This week in the year of the British Queen’s Platinum Jubilee, which celebrates 70 years of her reign, has seen the monarchy’s colonialist past come back to haunt it. Tuesday was the memorial to Prince Philip, what was not remembered at this event was his long history of racist slurs and remarks. Whilst he was alive these were brushed aside by the right-wing mainstream media as cheeky gaffes, and with his death they were conveniently forgotten. Since his burial in April last year the British Royal Family may have hoped that it laid to rest an outdated and controversial aspect of itself. However, a few days before this memorial took place Prince William and Kate (the Duke and Duchess of Cambridge) returned from a disastrous royal tour which brought with it calls for an apology and reparations for the monarchy’s historic links to slavery and colonialism.
Whilst in Jamaica, on the second stop of the royal trip, Prince William said in a speech that the slave trade “stains our history”, but what does he mean by “our history”? The British people as a whole? Whilst the British public undoubtably benefitted from slavery as the suffering and misery of enslaved people laid the industrial foundations of modern Britain, the benefits they received are nothing compared to the gains and privileges reaped by the British Royal family which echo to this day.
Under King Charles II the monarchy funded and profited from the African slave trade through organisations such as the Royal African Company, which shipped more enslaved Africans to the Americas than any other organisation during the transatlantic slave trade. The Royal family’s connection to slavery is nowhere clearer that when enslaved Africans were branded with the initials ‘D.Y.’ for ‘Duke of York’, after King Charles’s brother James (later King James II) who helped to establish the Royal African Company. The entwined nature of the British Royal family and colonialism is shown by one of the most famous assets the monarchy gained from its imperialism, the Indian Koh-i-Noor diamond. This is one of the largest cut diamonds in the world and became part of the British Crown Jewels, it also represents a perfect metaphor for the inability of the monarchy to provide reparations for its past actions. By removing the diamond from the crown or paying the vast cost of reparations it would destroy the very privilege and power that royalty is built upon.

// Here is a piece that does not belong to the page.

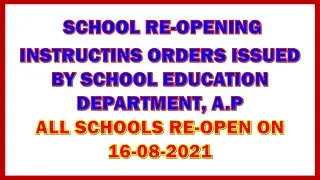 SCHOOL RE-OPENING INSTRUCTINS ORDERS ISSUED BY SCHOOL EDUCATION DEPARTMENT, A.P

Furthermore, an apology from the monarchy for its role in colonization and slavery is highly unlikely as the same philosophy that underpinned the reasoning for slavery, colonialism and racism is also foundational to the existence of royalty. This is the idea that certain people are worth more than others due to the circumstances of their birth, i.e a princess is worthy of her unearned privileges by being the child of a King and a Queen. Inversely certain groups of people should be made the colonial subjects of Britain as they were born as ‘savages’ and the color of their skin determined their life chances. Whilst this idea died out for colonialism (or some would say killed by the anti-colonial struggle) many people are beginning to question why it has not ended for royalty in a society that is said to be meritocratic. Without the removal of this philosophy it stops Britain in its tracks on the path to equality.